レブロンとの関係は、どうだったのか。コービーとレブロンの歳の差は、6歳である。このとき、レブロンはまだ優勝はしておらず、コービーは既に3連覇していた。コービーの方がスーパースターであった。これは、映画の中で描かれている、中国での人気からでも分かるだろう。
まだ、レブロンはスーパースターの階段を上り始めたところであった。レブロンが、ようやく優勝するのは、2011-2012シーズンである。

レブロンは、「コービーがどのようにして、重要な試合の準備をしているか。どのようなマインド・セットで試合に望んでいるか」など、教わりたくて、コービーの加入を歓迎したようである。

「コーチK」が奇しくも言っているように、「エゴを捨てるのは、自分が犠牲になることではなく、自分から離れ味方から教わる機会を得ることだ。味方は先生なのだ」

そのコービーの準備であるが、映画の中でも描かれているが、選手の招集日の二日前にキャンプに入り、スタッフのミーティングに参加し、相手の選手のことは、キャンプに来る前にビデオで研究済みだったみたいである。また、シーズン中もコーチKと連絡を取り合い、オリンピックで敵となる相手エースを試合でマークし、情報を集めていた。徹底的に相手エースを止める方法を模索していたようだ。

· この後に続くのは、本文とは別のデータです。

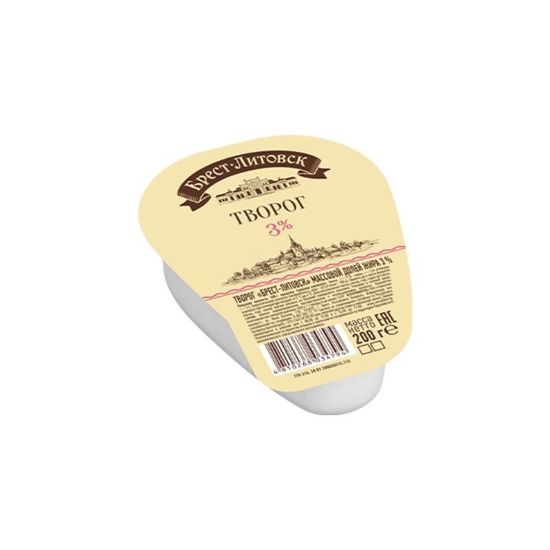 Picture of Savushkin Cottage Cheese 3%, 200gm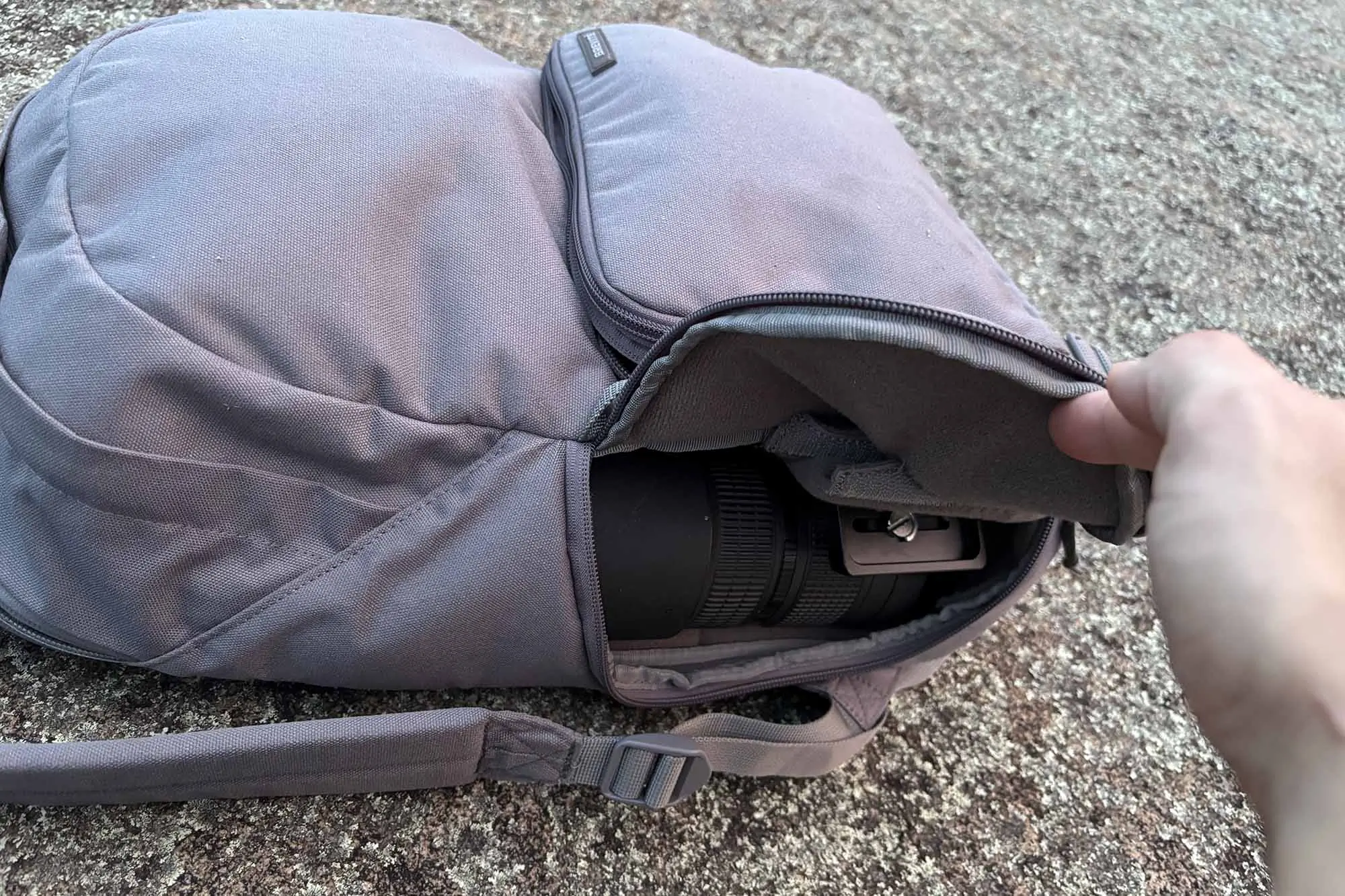 brevite the jumper side pocket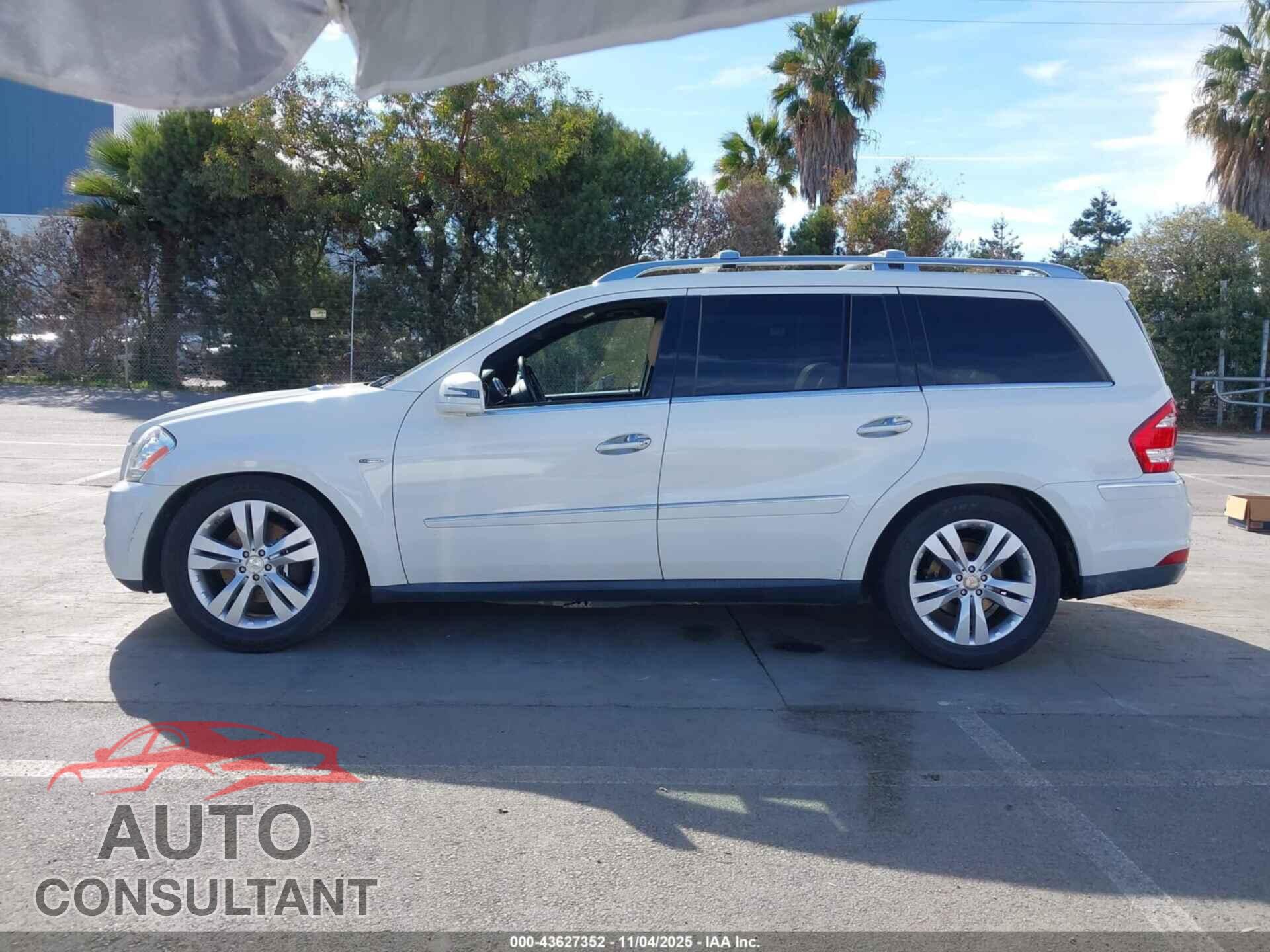MERCEDES-BENZ GL 350 BLUETEC 2012 - 4JGBF2FE6CA767965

北京オリンピックでの結果は、ここでは明かさないが、その後、「コーチK」は、2012年のロンドン五輪、2016年のリオ五輪で金メダルを取り、アメリカ代表のコーチの座を退いている。

その後、コービーは2008−2009年、2009−2010年とシーズンを2連覇し、レブロン・ジェームスとともにロンドン五輪での金メダルに貢献した。レブロンは、今回のパリ五輪に出場予定である。